Your child, your frenemy?

When I was lamenting the Terrible Twos to my friends, they all told me "Wait till three, it's much worse." I didn't believe them. I thought, "There's absolutely no way it could get worse than this." Before my first daughter turned two, my husband and I thought maybe she'd skip the Terrible Twos, because she was so absolutely sweet and adorable. He said, "What are her Terrible Twos even going to be like? 'Mommy and Daddy, I made you some brownies!'"

Oh, how naive we were. Two was a crazy thrill ride of tantrums, emptying her poop-filled diaper on the floor every day during the hot summer while I breastfed her sister, dumping milk sippy cups out on the furniture and other delightful behavior. You'd think that would have prepared me for three, but nothing could have, except maybe the book I just finished reading, now that my daughter is three months shy of turning four.

On a playdate a couple months back, my co-blogger Dana mentioned reading a book called Your Three Year Old: Friend or Enemy? I immediately laughed at the title and reserved it at the library as soon as I got home. It took me a while to get through it because I found it to be a combination of comforting and depressing.

It's comforting because it completely dispelled all my feelings of "I must be doing something terribly wrong for her to be acting like this." No, I am not doing anything terribly wrong, three-and-a-half-year-olds are, as the book puts it, "very hard to handle." (Italics are the authors', not mine!) Mom is the most important person in the child's life at this age, so that is also who they are at war with.
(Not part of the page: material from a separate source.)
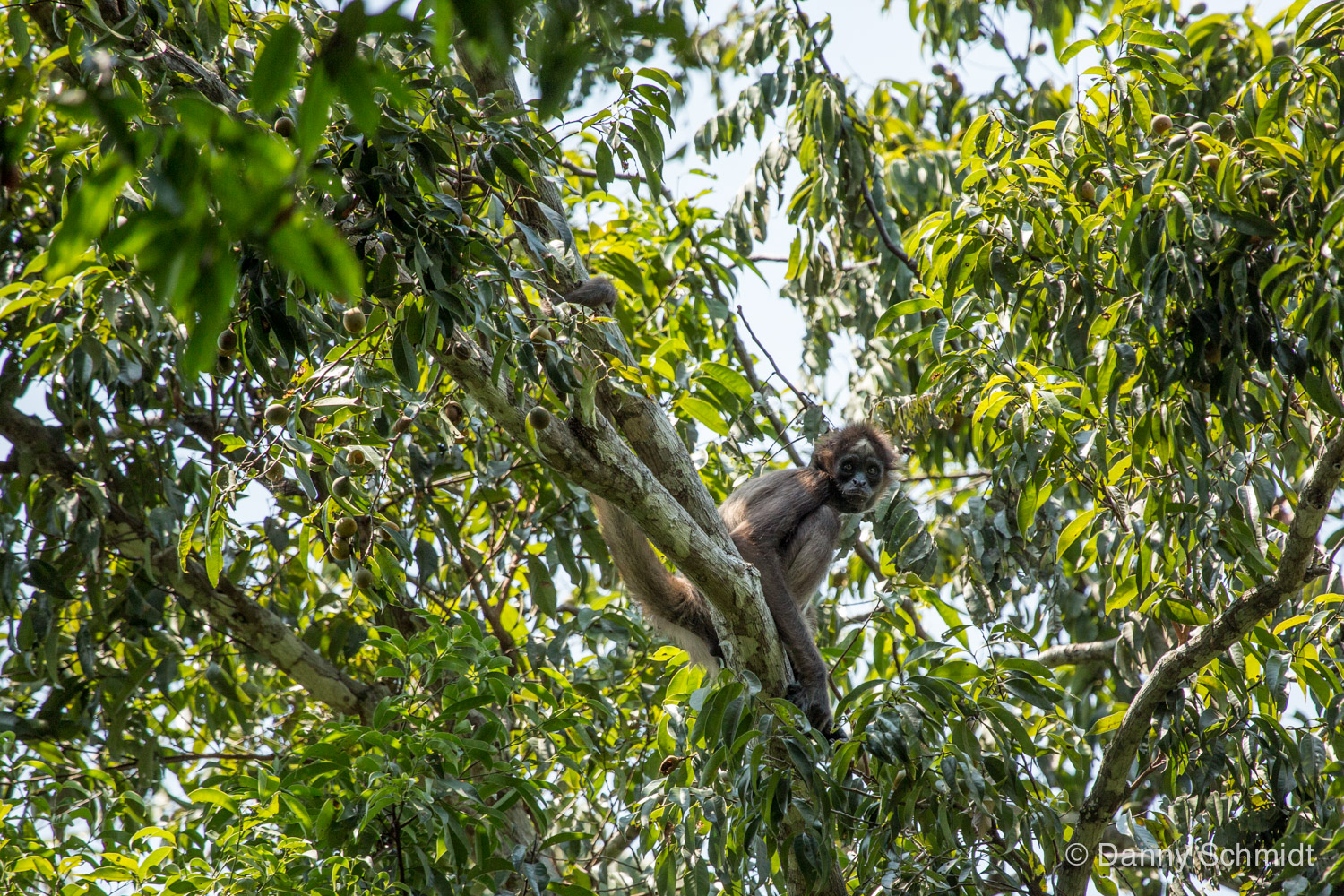 Ghost Monkeys Bring Ill Tidings To Colombian Rainforest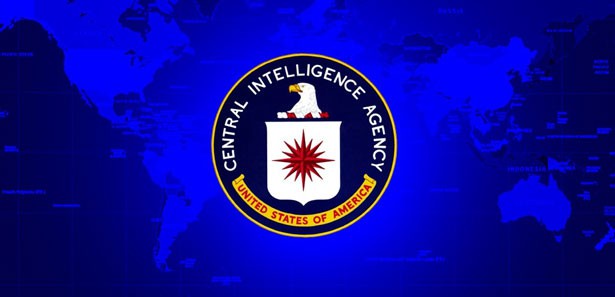 'Türkiye'de 50 üst düzey ajan var'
Every daily routine (eating, dressing, etc) becomes a battle. Kids this age are known to play, as the authors put it, "the preschooler's favorite game of "I don't love you." My daughter says this to me daily, when being given a well-deserved time-out, or totally unprovoked. I'll just be sitting there and she'll say, "I don't love you at all, mommy." I always tell her, "That's OK, I love you no matter what," but I'd be lying if I said this didn't hurt.

The authors' main technique for how to handle a three-and-a-half-year-old is one of avoidance. They suggest that you put your child of this age with a capable babysitter as much as possible, because the sitter, being unimportant to them, is going to be able to get them to get dressed, eat and do all the other stuff they need to do without it becoming a fight to the death. As they put it, "Don't feel guilty, or that you are passing the buck, if you leave a substantial amount of your child's care to a sitter, since many at this age do best with someone other than their own mother."

JEEZ! That is just depressing. They have no suggestion for those of us who cannot afford a babysitter very often or who firmly believe that we as mothers are our children's best caregivers, regardless of how hard it is or how much some days suck. What then? Eat chocolate? Have a beer at naptime? Step into the garage and scream profanities for a minute? All of the above?

Thankfully, the last page of the book offers some hope, saying, "And for parents, Four is in most cases an age well worth waiting for." Man, I hope so. Because three months after my oldest daughter turns four, my younger daughter is going to turn two.